Work instructions
With the pictures left out, retype exactly the lines below starting at the line that contains "Костюм зимний Титан-Ультра" and ending at the line that contains "- バーンズ・コレクション Postcard.".

Task input
•••

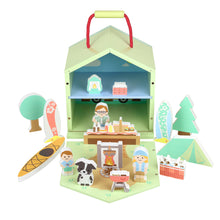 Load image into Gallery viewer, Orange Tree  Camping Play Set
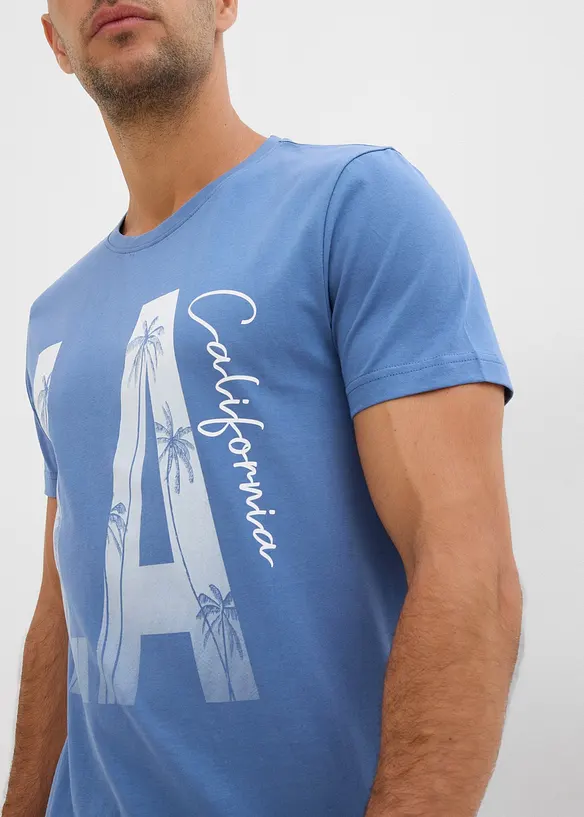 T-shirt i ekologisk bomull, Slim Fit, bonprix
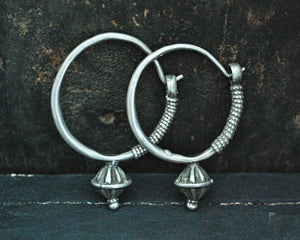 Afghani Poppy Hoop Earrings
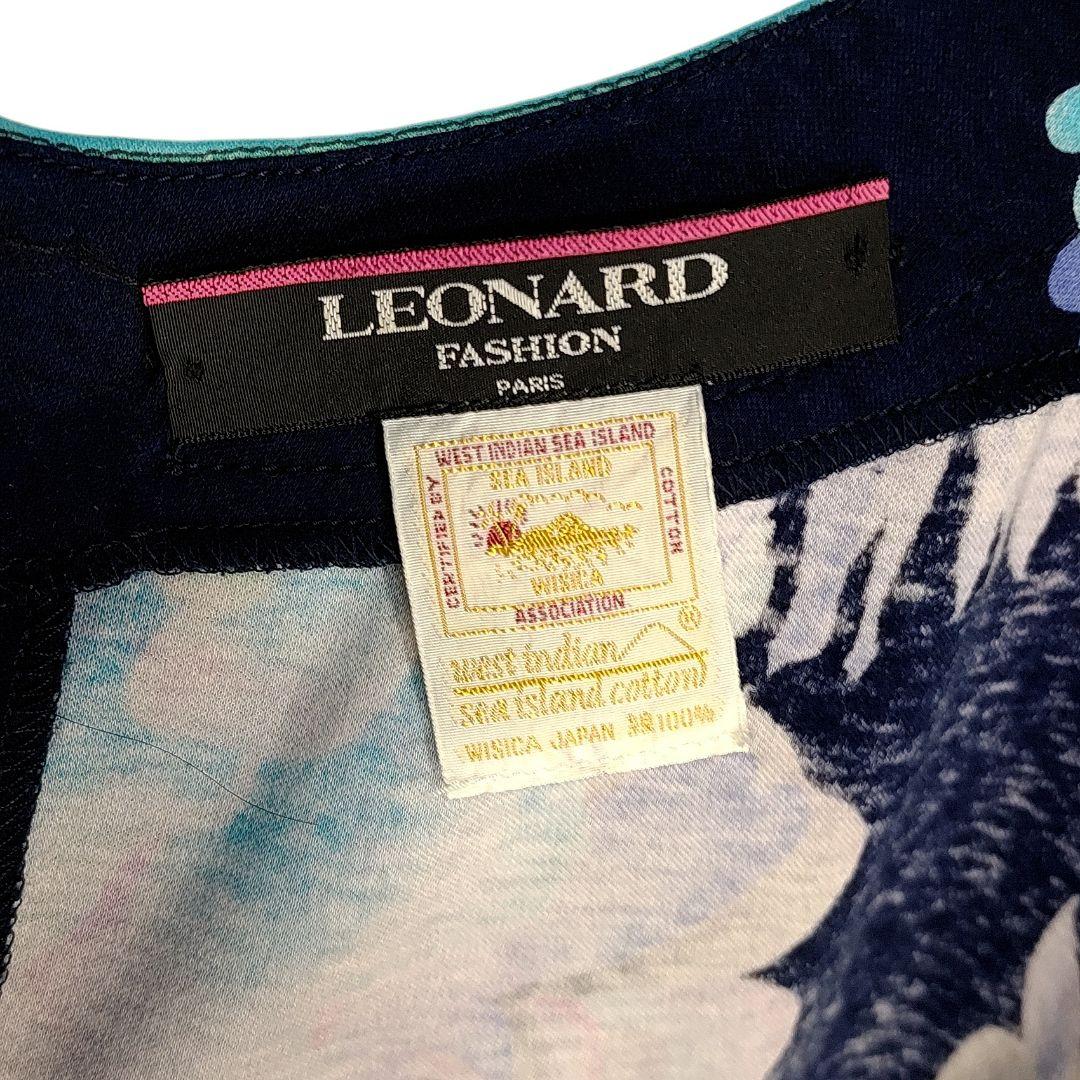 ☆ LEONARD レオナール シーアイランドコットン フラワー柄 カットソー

•••

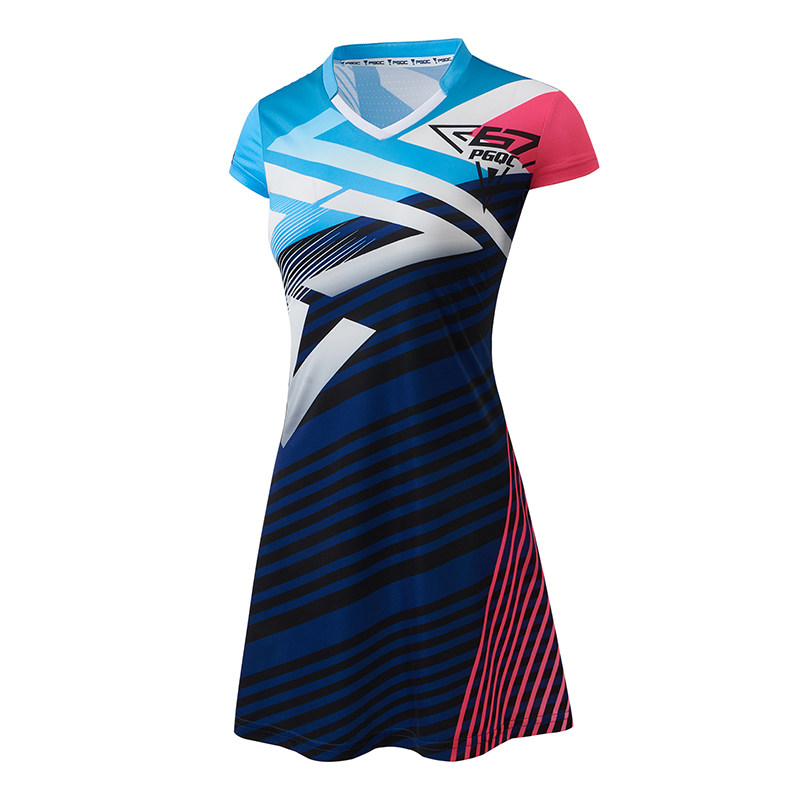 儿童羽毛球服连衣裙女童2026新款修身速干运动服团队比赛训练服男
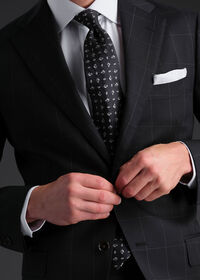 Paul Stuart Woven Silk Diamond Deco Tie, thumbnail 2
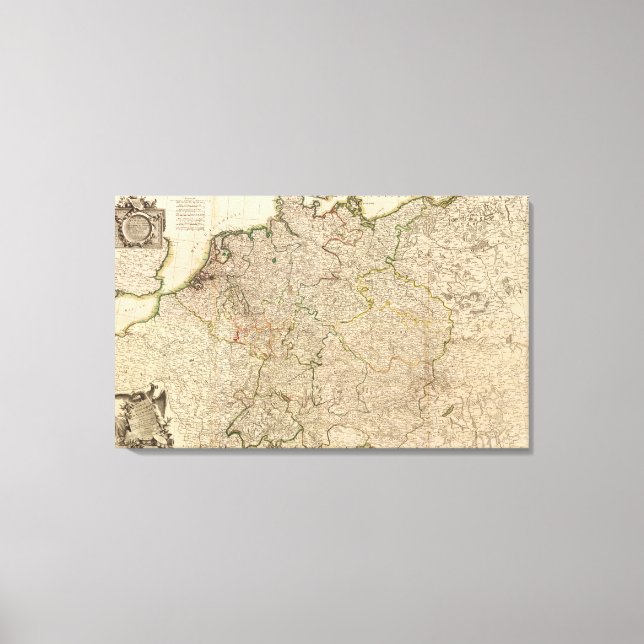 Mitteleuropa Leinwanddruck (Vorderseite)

•••

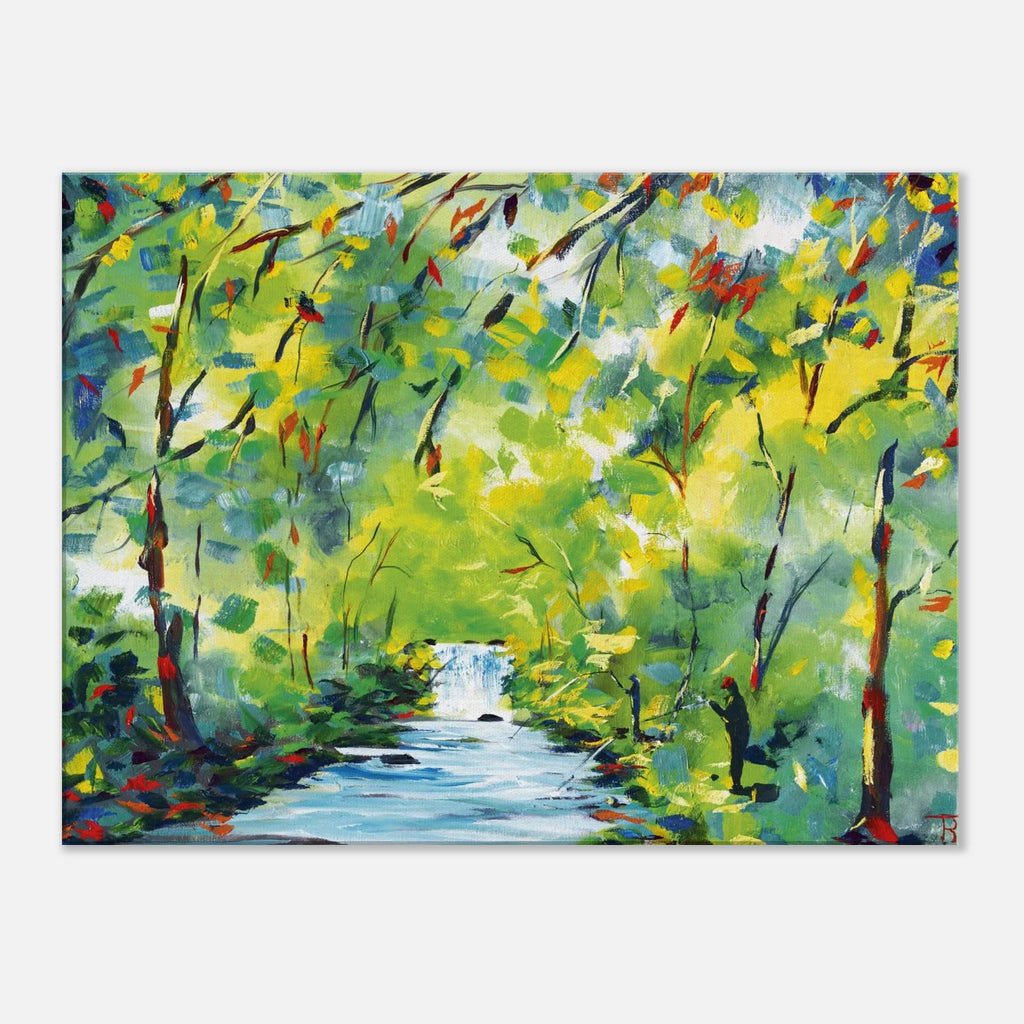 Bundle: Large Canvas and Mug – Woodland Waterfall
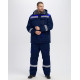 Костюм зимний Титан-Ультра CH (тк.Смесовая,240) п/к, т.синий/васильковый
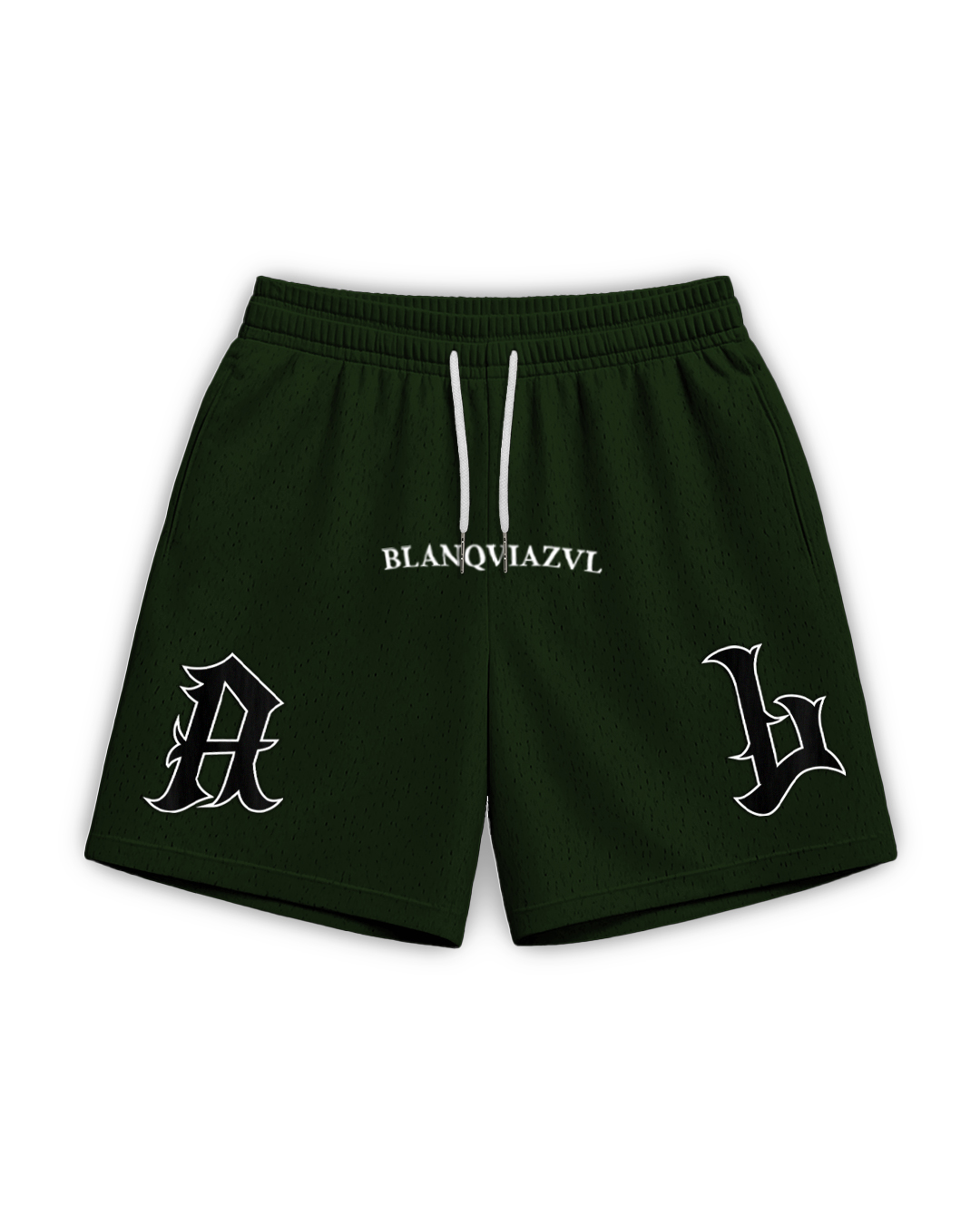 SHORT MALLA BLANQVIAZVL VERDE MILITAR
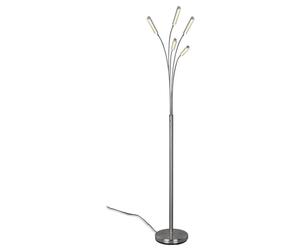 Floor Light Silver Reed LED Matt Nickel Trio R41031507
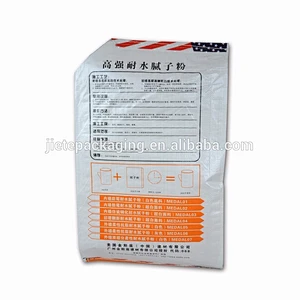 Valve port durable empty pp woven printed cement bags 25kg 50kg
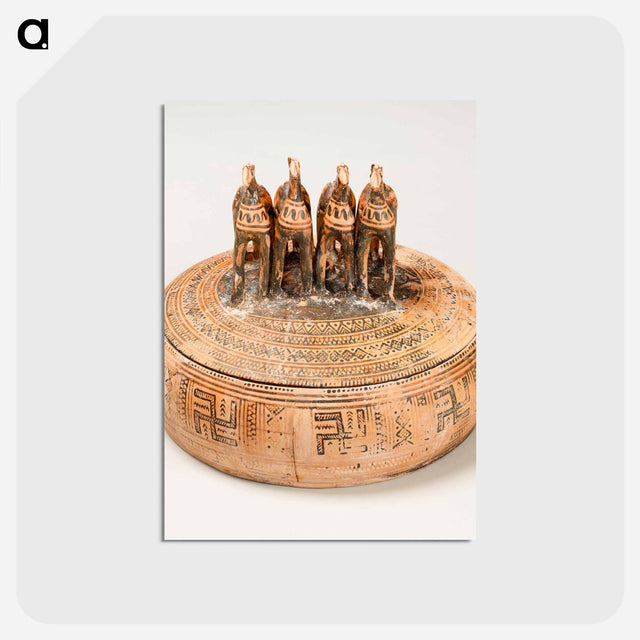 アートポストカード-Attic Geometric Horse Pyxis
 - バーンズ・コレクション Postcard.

•••

Solved exercise
 Костюм зимний Титан-Ультра CH (тк.Смесовая,240) п/к, т.синий/васильковый
 SHORT MALLA BLANQVIAZVL VERDE MILITAR
 Floor Light Silver Reed LED Matt Nickel Trio R41031507
 Valve port durable empty pp woven printed cement bags 25kg 50kg
 アートポストカード-Attic Geometric Horse Pyxis
 - バーンズ・コレクション Postcard.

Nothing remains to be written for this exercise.